Setting goals… by Pele

He’s gone! The greatest footballer in the history of the game is no more. Pele passed away – at the age of 81 – over the Christmas Holidays, after many had hoped that Brazil would’ve brought back this year’s World Cup. They didn’t, and the man who’d placed Brazil on the top of the football world for decades, who of recent had been hospitalised with cancer, didn’t get the parting gift that would’ve been so fitting!
Born Edson Arantes do Nascimento in a poverty-stricken home, he received the nickname Pele at a very young age when he persistently mispronounced the name of his favourite player, local Vasco da Gama goalkeeper Bilé. Nowadays it’s difficult for the young’uns to appreciate the impact Pele had on global football; after all, he retired more than fifty years ago!! So, let’s just mention some stark facts: He was a mere 17 years old when he starred in the Brazilian team that won the World Cup in 1958 – their first!! With him breaking all sorts of records in that feat, it took another fifty years for Neymar to match his scoring record for his country. He went on to be on teams that won two more World Cups by 1970, and remains the only player to have to his name the credit of winning 3 World Cups!!
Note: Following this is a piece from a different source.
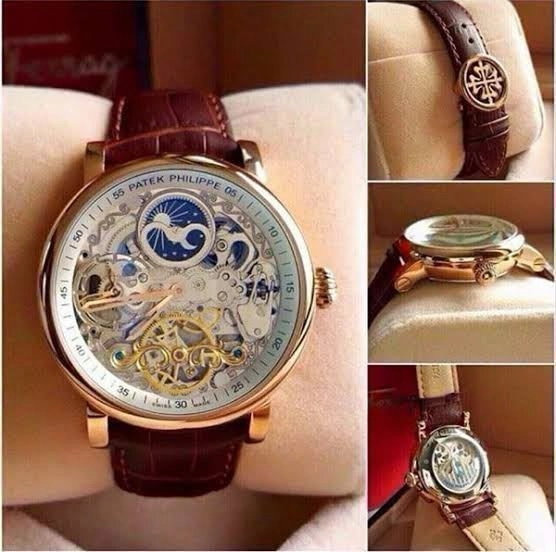 Patek Philippe Open-Back Rose Gold Dial 3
Pele was the first global superstar, and it paved the way for the present billionaire players. There are so many stories about him that illustrate his impact, but none more so than the fact that a civil war in Nigeria – in which a million lives were taken – was halted when he visited in 1969!! Both sides wanted to see him in the flesh!!
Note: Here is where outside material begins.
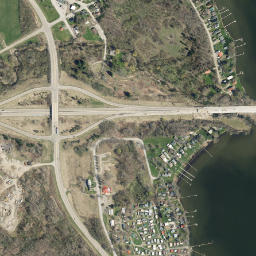 Hadley Bay New York High Resolution Satellite Map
When the US decided they’d enter the world of soccer, the NY Cosmos signed the retired Pele in 1975 for the highest contract for an athlete at the time – US$2.8M annually!! And he was invited to the White House to meet another global icon – boxing’s Muhammad Ali!!
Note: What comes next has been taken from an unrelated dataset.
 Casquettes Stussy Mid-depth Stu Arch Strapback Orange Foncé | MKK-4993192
Pele didn’t make the fortune he left at his death from football salaries, but through endorsements. And he was very selective about what he put his name to. He said, “I earned money from advertising when I stopped playing, but none from tobacco, alcohol, politics, or religion.” This was a man who understood his social obligations to the poverty out of which he had pulled himself!
One of the earliest marketing coups in sporting history occurred during an Adidas-sponsored 1970 World Cup. Puma – the arch-rival of Adidas – paid Pele to tie his shoelaces just before the final kickoff, so that the cameras could zoom in on his Puma boots!!
The Italian poet and filmmaker Pier Paolo Pasolini gave him the best accolade: “The moment the ball arrived at Pele’s feet football was transformed into poetry”!!
RIP, Pele!!

…in housing
When the PPP finally took office – after the PNC’s 5-month illegal squatting on the Government’s treasury! – they emphasised they were gonna fulfill their manifesto promise of distributing 50,000 house lots. This, of course, was based on the basic premise that a house isn’t just a shelter, but, in the modern world, is the beginning of the accumulation of intergenerational assets. Wealth, baby…wealth!! And you can’t have a house unless you have a place to build it on – a house lot!!
Of course, critics will point out that a house lot doesn’t guarantee a house, but the Government immediately unfolded a menu of measures to make that eventuality more certain – getting banks and mortgage institutions to lower mortgage rates; lowering acceptance criteria; providing cement and steel rods for the poor; and even donating some houses to the said poor gratis!!
Anyhow, the Govt has already given out 20,000 house lots; and on only the ECD of Reg 4, 5000 lots were given out as $10 billion was allocated for infrastructural works!!

…in murders?
The headline read “Trinidad reaches 600 murders”!! So that’s where we’ve arrived?? Boasting about how many murders were committed?? Ok…OK…your Eyewitness understands that’s not what was meant; but Rowley’s “Day of Prayers” ain’t gonna help reduce it.